TASK TO CARRY OUT - In the answer, each line must appear exactly as in the records, and no picture may appear.

DATA SHOWN -
"""

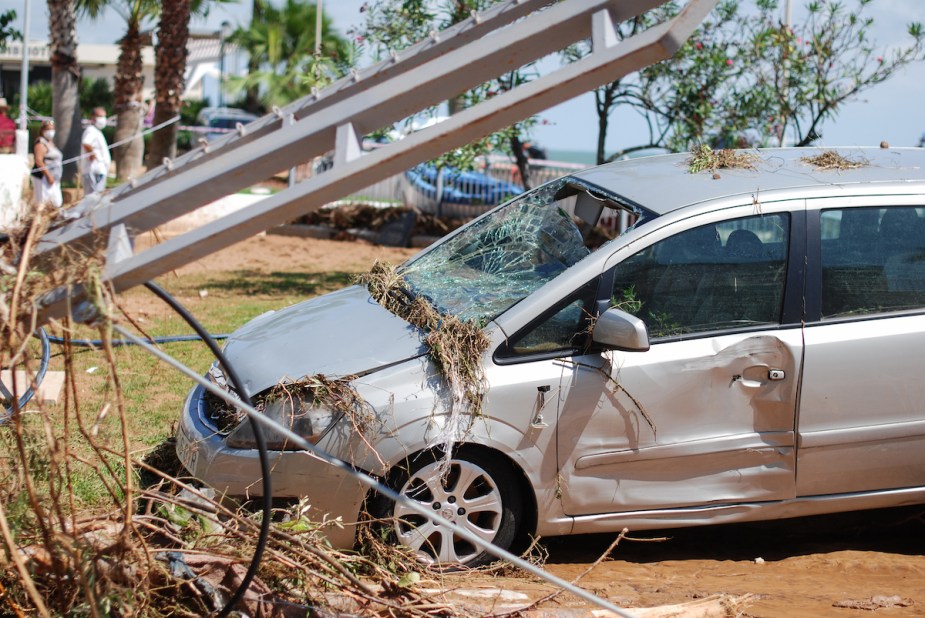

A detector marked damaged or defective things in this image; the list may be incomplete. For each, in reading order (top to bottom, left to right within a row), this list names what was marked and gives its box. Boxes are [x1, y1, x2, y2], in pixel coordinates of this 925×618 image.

broken car hood [222, 282, 428, 390]
shattered windshield [402, 178, 592, 322]
damaged silver car [177, 148, 924, 564]
dented car door [556, 208, 800, 516]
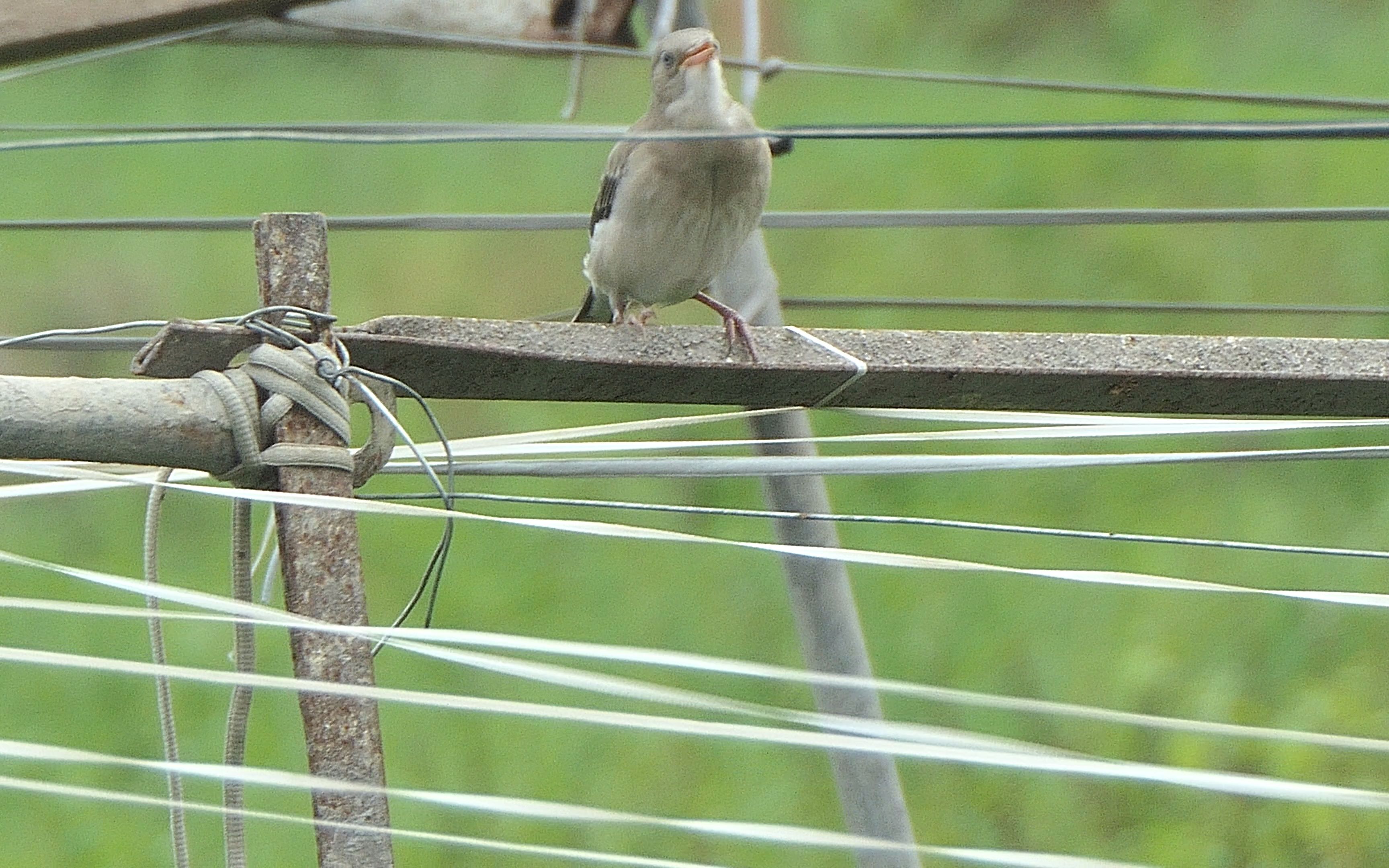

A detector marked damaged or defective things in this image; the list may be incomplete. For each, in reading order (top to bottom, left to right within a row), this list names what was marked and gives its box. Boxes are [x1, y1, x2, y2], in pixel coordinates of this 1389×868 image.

rusty metal post [254, 211, 394, 866]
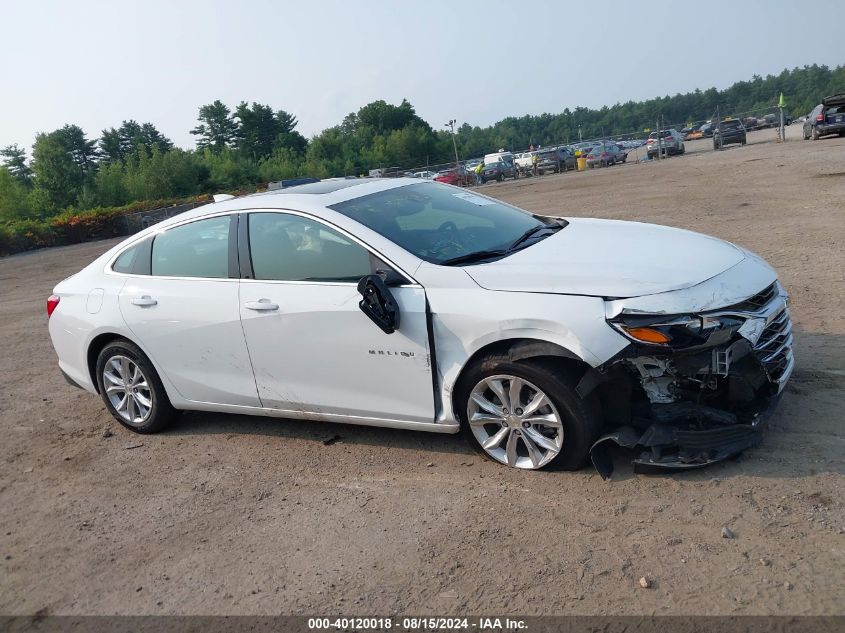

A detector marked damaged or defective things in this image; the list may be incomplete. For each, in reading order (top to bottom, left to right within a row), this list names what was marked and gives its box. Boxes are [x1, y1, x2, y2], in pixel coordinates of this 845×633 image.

crumpled hood [462, 218, 744, 298]
damaged white sedan [49, 178, 792, 474]
broken headlight [608, 314, 740, 348]
detached bumper piece [592, 400, 776, 478]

"""

RESULT BELOW -
A detector marked damaged or defective things in this image; the list may be incomplete. For each, in reading order (top to bottom, left to right within a row), this list names what was marked and gives its box. Boxes are [x1, y1, x2, y2], in pixel coordinates of this 925×618 image.

broken car hood [222, 282, 428, 390]
shattered windshield [402, 178, 592, 322]
damaged silver car [177, 148, 924, 564]
dented car door [556, 208, 800, 516]

A detector marked damaged or defective things in this image; the list may be incomplete. For each, in reading order (top to bottom, left to right within a row), this list names what was marked and gives its box. Boxes are [x1, y1, x2, y2], in pixel coordinates of this 1389×868 image.

rusty metal post [254, 211, 394, 866]

A detector marked damaged or defective things in this image; the list may be incomplete. For each, in reading order (top to bottom, left to right within a row), this list names what was marked and gives its box. Boxes are [x1, y1, x2, y2], in pixel coordinates of this 845×633 image.

crumpled hood [462, 218, 744, 298]
damaged white sedan [49, 178, 792, 474]
broken headlight [608, 314, 740, 348]
detached bumper piece [592, 400, 776, 478]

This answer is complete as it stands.